→ What you have to do
Copy the records below exactly, from the line containing "131 Josephine Ave #3 — Photo 4" through the last line, and leave out every picture.

== Available records

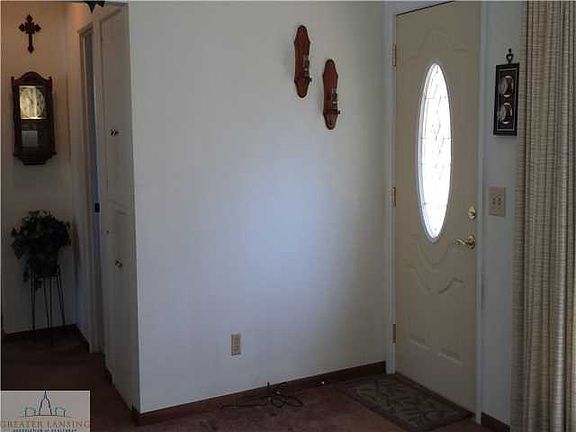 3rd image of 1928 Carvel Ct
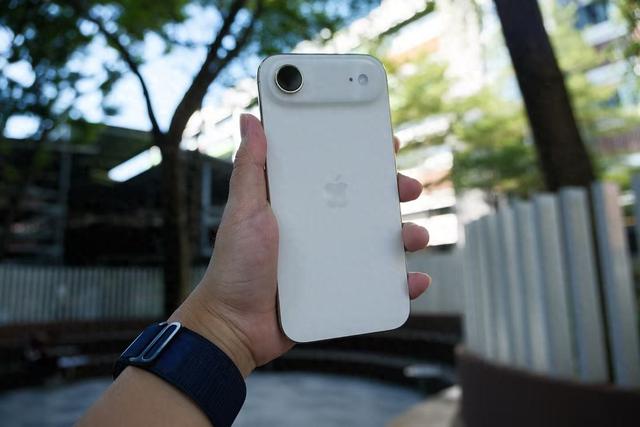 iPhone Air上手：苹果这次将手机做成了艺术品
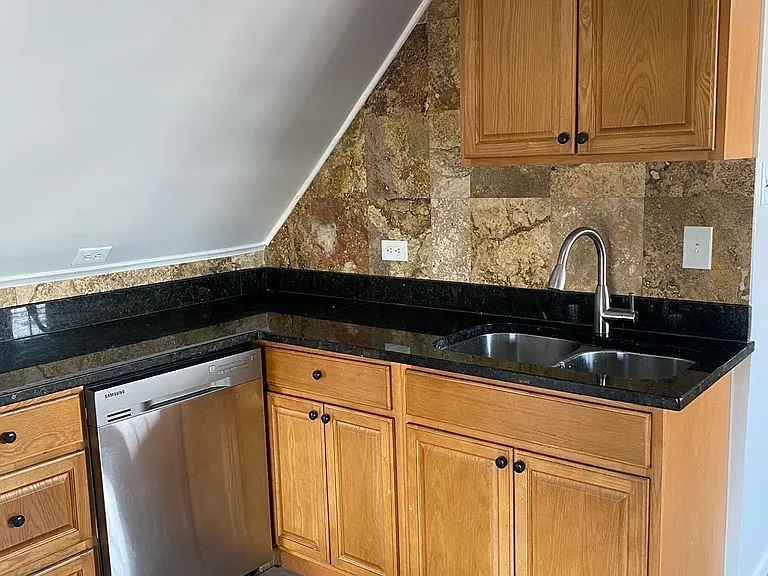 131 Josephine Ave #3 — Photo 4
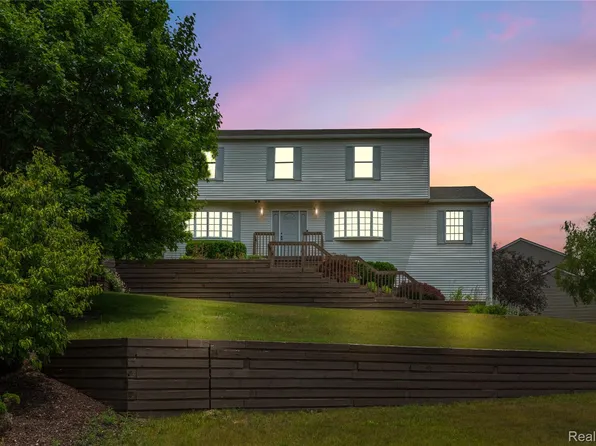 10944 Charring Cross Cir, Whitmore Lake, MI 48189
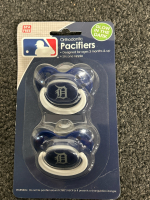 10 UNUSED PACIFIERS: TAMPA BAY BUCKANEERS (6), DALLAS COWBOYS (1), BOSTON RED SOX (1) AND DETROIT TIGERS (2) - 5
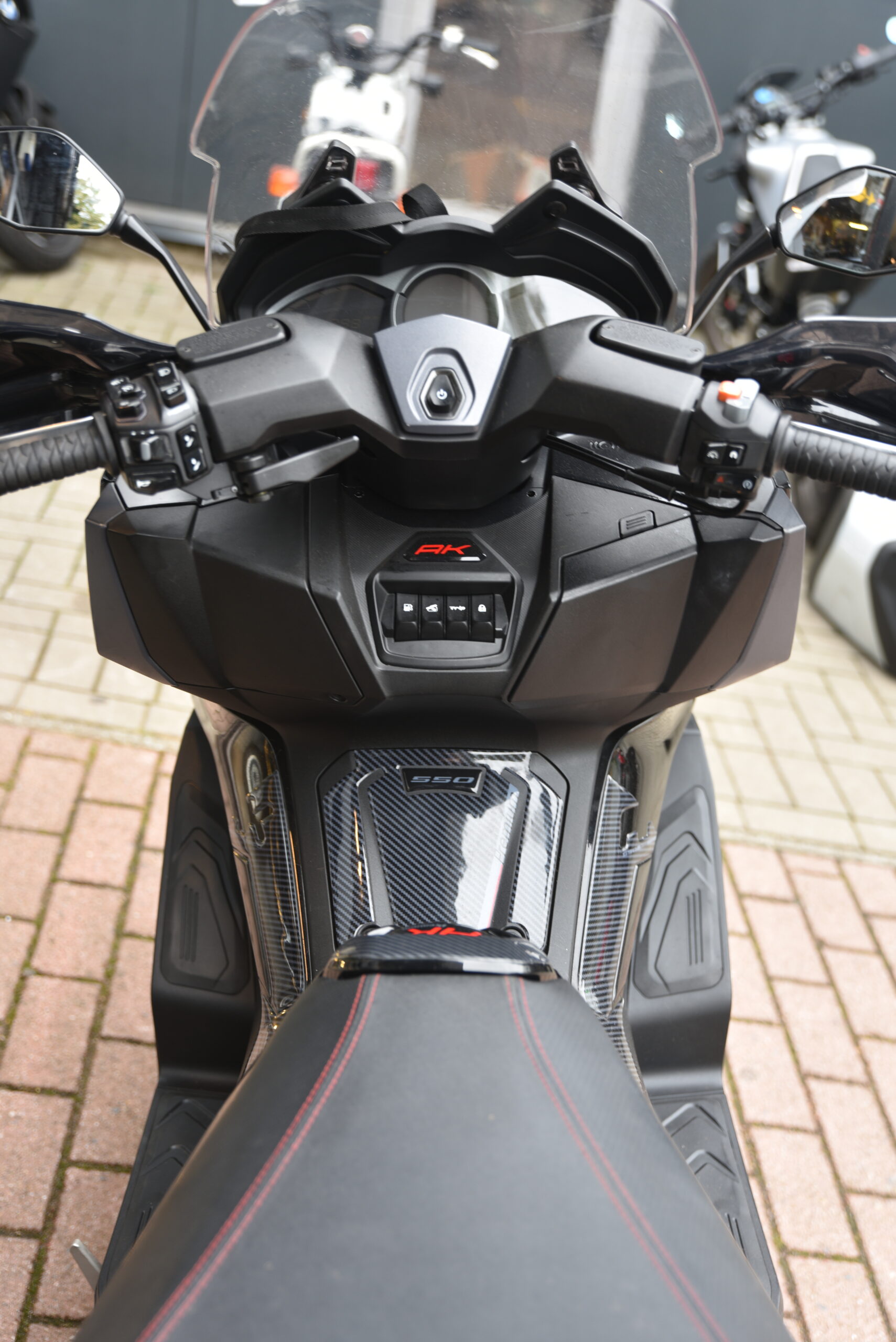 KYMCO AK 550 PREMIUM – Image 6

====

→ Response for this exercise
 131 Josephine Ave #3 — Photo 4
 10944 Charring Cross Cir, Whitmore Lake, MI 48189
 10 UNUSED PACIFIERS: TAMPA BAY BUCKANEERS (6), DALLAS COWBOYS (1), BOSTON RED SOX (1) AND DETROIT TIGERS (2) - 5
 KYMCO AK 550 PREMIUM – Image 6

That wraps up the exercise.